The KPIs of the office of the future
I’ve been reading much commentary recently on how to measure, to value, the modern office. Especially post Covid, as we clearly head into a world of distributed working, where the HQ is no longer the be all and end all of our working lives.
Mostly I’ve not been very impressed. The thinking seems to be too constrained by how things have been, and iterating the past seems to be hard to get beyond.
So here’s my take (as given within the #FutureProofOffice course I co-run, with Dror Poleg, at the Real Innovation Academy)
The workplace has a problem. And it has a problem in three main areas.
It has a problem in the area of having unaligned incentives, a problem in the area of having a lack of data, and a problem in that it suffers from organisational silos.
Let’s start with the problems of unaligned incentives.
The trouble is you have landlords, occupiers, and property managers, each with incentives that go in a different direction. So the landlord just wants the highest rent possible with the lowest costs and requiring of the minimum of effort.
Then we have the occupiers. They want the lowest rent, but they also want flexibility and they want the highest level of service.
And lastly the property managers. Well, they are sort of stuck in the middle. What ‘they’ really want is to have some pricing power, to not be commoditised, which is very much the situation in property management at the moment.
So you've got three stakeholders, with completely unaligned incentives.
This ‘landlord-tenant dilemma’, with the property managers trying to be the neutral party in the middle, is a well known issue in the office market, and very much a consequence of the way we transact, via leases. It is so easy for there to be a financial disconnect between those responsible for paying the capital expenditure for operational upgrades, and those who benefit from them.
When we look at how the office market is routinely structured it is really no surprise that each party continually feels aggrieved at their lot. And that so many buildings are underinvested in. Maintaining an up to date stock, utilising the most advanced labour and cost saving technology, and setting stretching sustainability goals, is nigh on impossible with how the industry is structurally configured. The 3 or 5 year rent review process itself is like mutually agreeing to having a heated argument periodically.
The misaligning of incentives is, using a tech term, a very serious bug.

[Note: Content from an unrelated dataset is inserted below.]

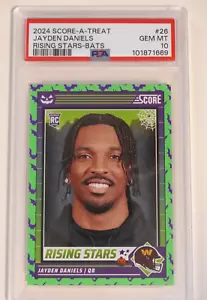 2024 Panini Score-A-Treat #26 Jayden Daniels ROTY Rising Stars-Bats PSA GEM 10 - Bild 1 von 6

If you then look at the subject of data, you’ll find that everyone collects some data. But few collect what is needed, few have actually put that much thought into what data they really need to collect. And mostly you will find that the data that is collected is all over the place. Some of it is over here, and some of it is over there.
The general situation within real estate in connection with data, is there is not enough of it. It is not well enough thought out, and it is not well enough stored and maintained.
And then you have organisational silos. In my mind to create a great workplace requires the skills of what are, today, six different industries.
So, first off you obviously need people with real estate knowledge. Then you need people with IT knowledge, and Internet of Things, network knowledge, and you need data analysts, and you need HR people, and you need hospitality skills.
So there's actually six individual industries, each with their own incentives, that need to be combined, to create a really good workplace.
And this is a problem. And this has really led to what the elephant in the room is. And that is, if we're honest about it, on average, offices are hashtag double fail.
If you look at data from the Leesman index, who have over the last ten years done more than 800,000 individual employee surveys, you will see that they ask one particularly telling question - ‘does your workplace enable you to work productively?
Well, after these hundreds of thousands of surveys, only about 50% of respondents agree that their workplace enables them to work productively. And then if you look at desk utilisation, we all know it is roughly 50%. In fact, most of the time it is probably a bit lower than that.
So we have this situation that if we are brutally honest about it, half our customers aren't very happy with what we are selling them. And they are not using what we are selling them very much anyway. That really is something of a double fail that we just ignore.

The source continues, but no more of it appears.